HOW TO COMPLETE THIS TASK:
In the data that follows, count the lines in which the word "method" occurs, and report that figure alone.

EXERCISE MATERIAL:
■ ■ ■ ■ ■ ■ ■

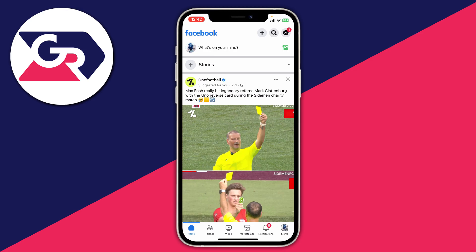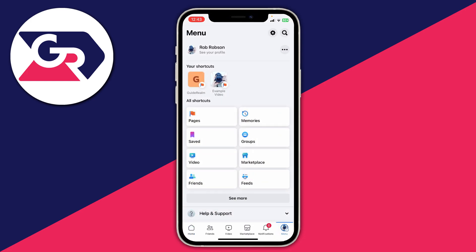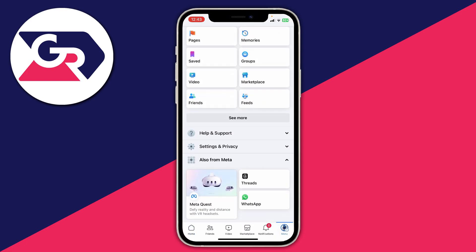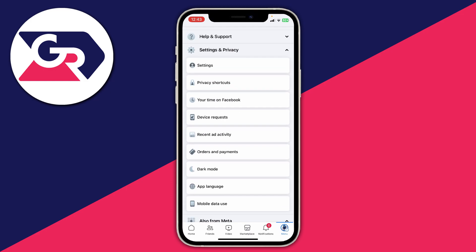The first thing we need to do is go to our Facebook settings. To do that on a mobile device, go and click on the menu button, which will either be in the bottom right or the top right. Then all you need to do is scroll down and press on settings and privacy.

■ ■ ■ ■ ■ ■ ■

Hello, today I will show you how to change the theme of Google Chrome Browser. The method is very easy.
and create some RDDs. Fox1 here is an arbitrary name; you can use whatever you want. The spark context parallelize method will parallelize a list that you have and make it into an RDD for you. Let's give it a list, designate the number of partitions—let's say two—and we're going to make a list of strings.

■ ■ ■ ■ ■ ■ ■

FINISHED TASK:
2